----- DATA EXTRACT

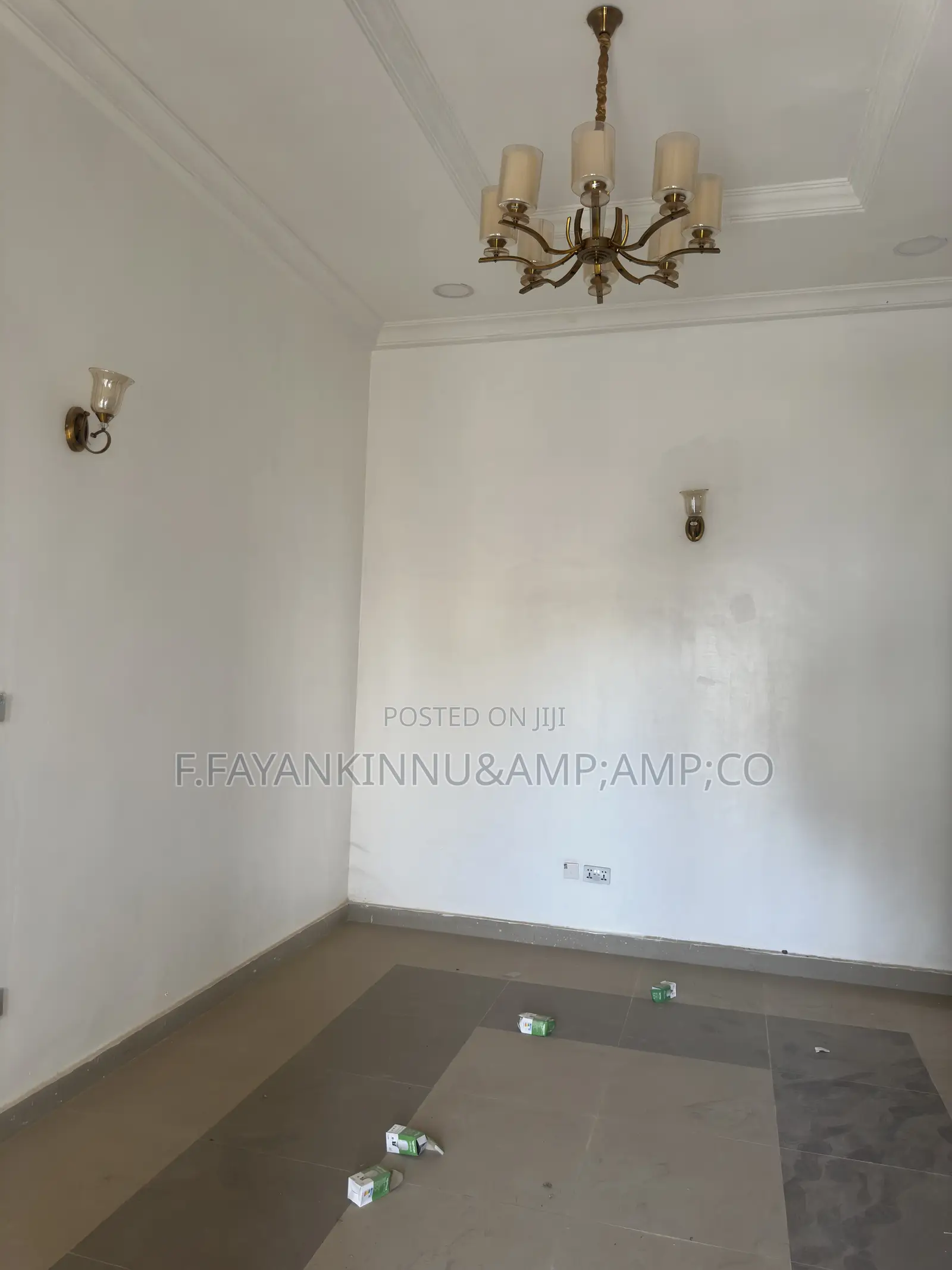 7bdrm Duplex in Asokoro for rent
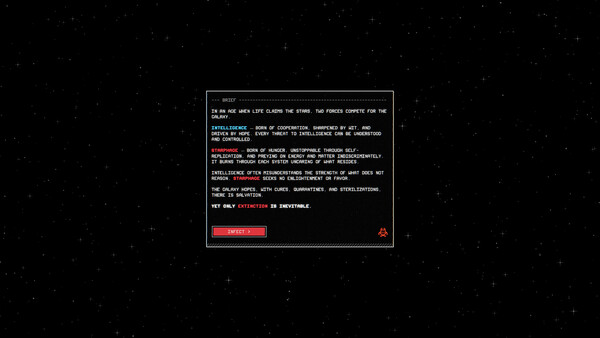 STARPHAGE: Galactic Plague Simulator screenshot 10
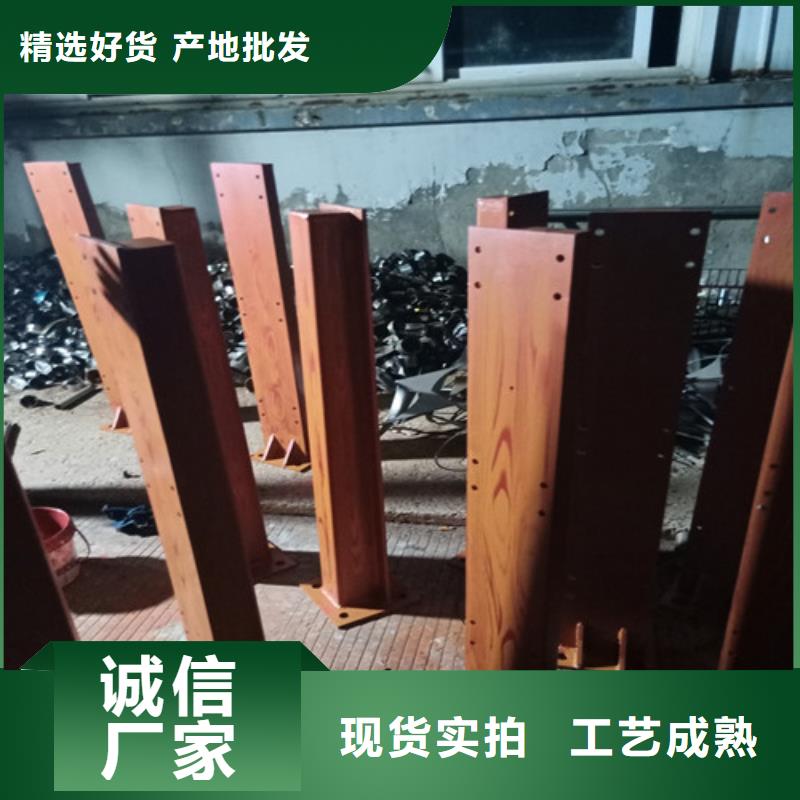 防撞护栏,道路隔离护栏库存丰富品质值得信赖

----------

■ **EXERCISE PROMPT**
Retype exactly, please, the span from the line holding "STARPHAGE: Galactic Plague" through the closing line of the data, both ends included, without the pictures.

■ **OUTPUT BELOW**
 STARPHAGE: Galactic Plague Simulator screenshot 10
 防撞护栏,道路隔离护栏库存丰富品质值得信赖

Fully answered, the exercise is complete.